The method according to claim 4, characterized in that, based on the text identifier of each of the preferred preset question texts and the text identifier of each of the preferred preset answer texts, the Target preset answer text for sentence text matching, including:

Acquiring at least one preferred preset question text that matches the question to be matched according to the text identifier of each preferred preset question text and the text identifier of each preferred preset answer text;

Word segment the question text to be matched to obtain a word segmentation result to be matched that contains multiple words;

Segmenting at least one preferred preset question text that matches the question to be matched to obtain multiple preferred word segmentation results that include multiple words;

Calculating the text matching value of the question text to be matched and each preferred preset question text matching the question to be matched according to the word segmentation result to be matched and the preferred word segmentation result;

According to the text matching value of the question text to be matched and each preferred preset question text matching the question to be matched, a target preset answer text matching the text of the question to be matched is obtained.
The method according to any one of claims 1 to 5, characterized in that, before acquiring the question text to be matched, the method further comprises: training the question matching model, and the training includes the following steps:

Obtain a preset question training text set that includes multiple preset question training texts;

Acquiring a plurality of preset question training texts of different similar levels corresponding to each of the preset question training texts;

Combining the preset question training text with a plurality of preset question training texts of different similar levels corresponding to the preset question training text to obtain multiple input training texts;

Use a plurality of the input training texts as input to the question matching model, and use the similarity labels of the preset question training texts and corresponding multiple preset question training texts of different similarity levels as the desired output.
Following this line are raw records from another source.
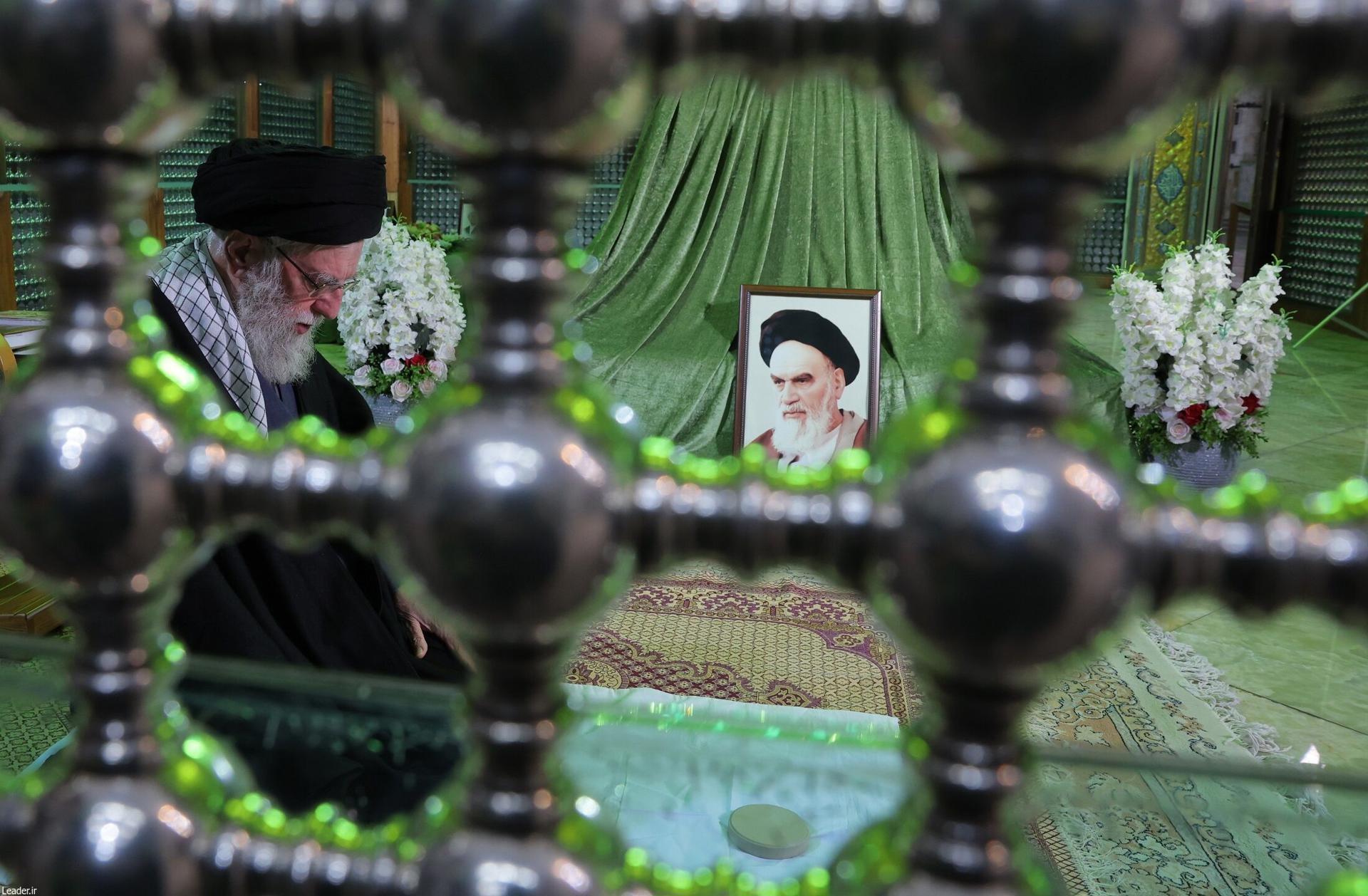 El triunvirato de transición: ¿Quiénes son los tres hombres que hoy gobiernan Irán?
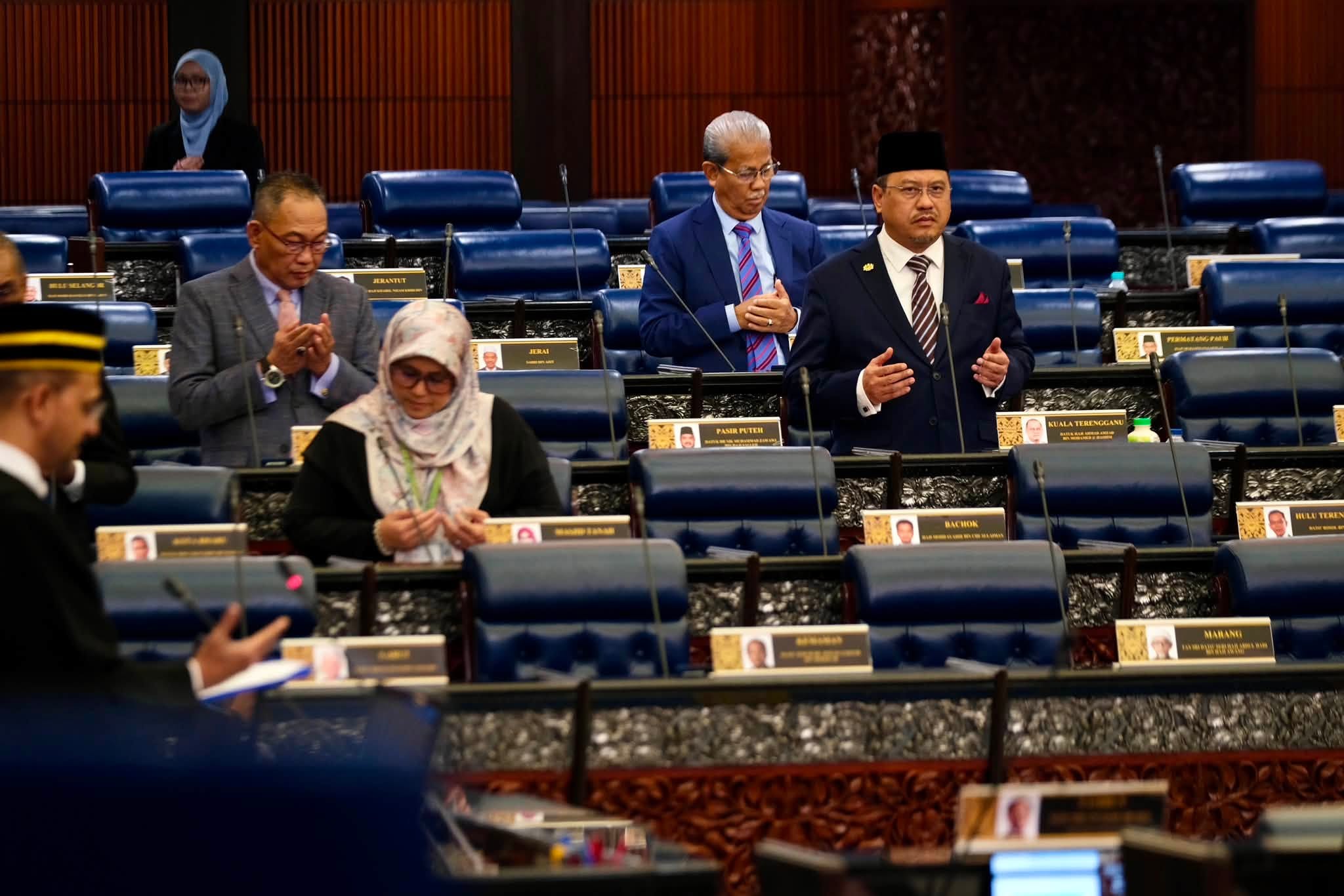 Amzad Gesa Penyata Jawatankuasa Isu Rohingya Dibentangkan Di Dewan Rakyat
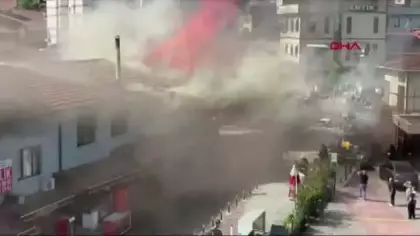 Bursa'da tarihi çarşıda yangın! Çok sayıda ekip sevk edildi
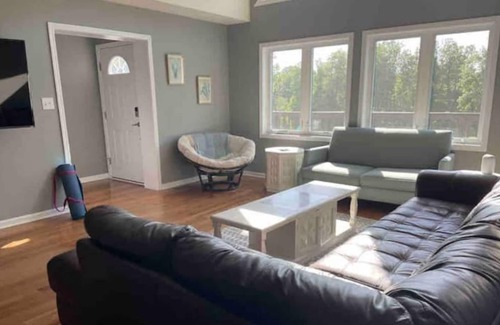 Louisa House | Peaceful 5 bedroom home, 1 block from lake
The question matching model is trained to obtain a trained question matching model.
A question sentence matching device, characterized in that it includes:

The acquisition module is used to obtain the question text to be matched;

A combination module, configured to combine the question text to be matched and each preset question text in the question text library to obtain multiple input question texts;

A label module, configured to input a plurality of the input question texts into a question matching model to obtain a similarity label of the question text to be matched and each of the preset question texts;

The matching module is configured to obtain the target question text with the highest similarity to the question text to be matched according to the similarity label.
The apparatus of claim 7, further comprising:

Product label acquisition module for acquiring product category labels;

Correspondingly, the combination module includes:

A first combination module, configured to determine a target question text sub-library according to the product category label, and obtain multiple preset question texts in the target question text sub-library;

A second combination module is used to combine the question text to be matched and the multiple preset question texts in the target question text sub-library to obtain multiple input question texts.
A computer device, characterized in that it includes a memory, a processor, and a computer program stored in the memory and runable on the processor, and characterized in that, when the processor executes the computer program, The steps of the method for matching question text according to any one of claims 1 to 6.
A computer-readable storage medium storing a computer program, characterized in that, when the computer program is executed by a processor, matching of question text according to any one of claims 1 to 6 is realized Method steps.